Work to complete — Would you please repeat the lines in the listing below from the one containing "7.2. Grill Shape" through the final one, exactly as they appear?

Records —
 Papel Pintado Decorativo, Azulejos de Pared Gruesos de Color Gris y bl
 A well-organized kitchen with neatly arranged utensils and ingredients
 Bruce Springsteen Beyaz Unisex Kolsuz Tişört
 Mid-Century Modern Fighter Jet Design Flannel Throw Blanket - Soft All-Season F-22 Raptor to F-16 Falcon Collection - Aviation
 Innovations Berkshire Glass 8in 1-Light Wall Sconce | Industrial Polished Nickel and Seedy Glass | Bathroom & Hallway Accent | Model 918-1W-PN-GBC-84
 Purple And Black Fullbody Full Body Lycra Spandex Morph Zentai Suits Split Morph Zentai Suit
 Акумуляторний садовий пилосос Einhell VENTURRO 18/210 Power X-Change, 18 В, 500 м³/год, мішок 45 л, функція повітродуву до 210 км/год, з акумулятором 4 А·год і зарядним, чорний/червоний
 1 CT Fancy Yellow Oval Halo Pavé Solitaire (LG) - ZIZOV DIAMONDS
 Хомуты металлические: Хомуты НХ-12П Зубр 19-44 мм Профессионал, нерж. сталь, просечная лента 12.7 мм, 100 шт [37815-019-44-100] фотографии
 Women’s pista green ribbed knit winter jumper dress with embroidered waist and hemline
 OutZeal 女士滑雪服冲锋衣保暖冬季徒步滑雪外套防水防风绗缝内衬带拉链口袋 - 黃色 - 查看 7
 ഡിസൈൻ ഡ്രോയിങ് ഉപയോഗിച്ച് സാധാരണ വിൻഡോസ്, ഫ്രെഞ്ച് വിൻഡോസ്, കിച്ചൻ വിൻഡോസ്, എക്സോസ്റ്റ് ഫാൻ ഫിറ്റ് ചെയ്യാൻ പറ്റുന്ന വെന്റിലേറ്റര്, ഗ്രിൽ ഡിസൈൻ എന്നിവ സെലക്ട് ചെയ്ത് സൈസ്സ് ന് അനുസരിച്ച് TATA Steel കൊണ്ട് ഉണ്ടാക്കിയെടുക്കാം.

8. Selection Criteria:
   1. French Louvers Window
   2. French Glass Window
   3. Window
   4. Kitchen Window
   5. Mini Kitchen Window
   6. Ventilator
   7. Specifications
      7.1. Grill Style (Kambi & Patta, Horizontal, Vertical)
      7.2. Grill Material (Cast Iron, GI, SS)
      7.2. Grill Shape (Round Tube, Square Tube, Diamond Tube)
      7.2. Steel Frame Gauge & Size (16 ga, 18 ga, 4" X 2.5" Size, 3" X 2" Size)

Answer section —
      7.2. Grill Shape (Round Tube, Square Tube, Diamond Tube)
      7.2. Steel Frame Gauge & Size (16 ga, 18 ga, 4" X 2.5" Size, 3" X 2" Size)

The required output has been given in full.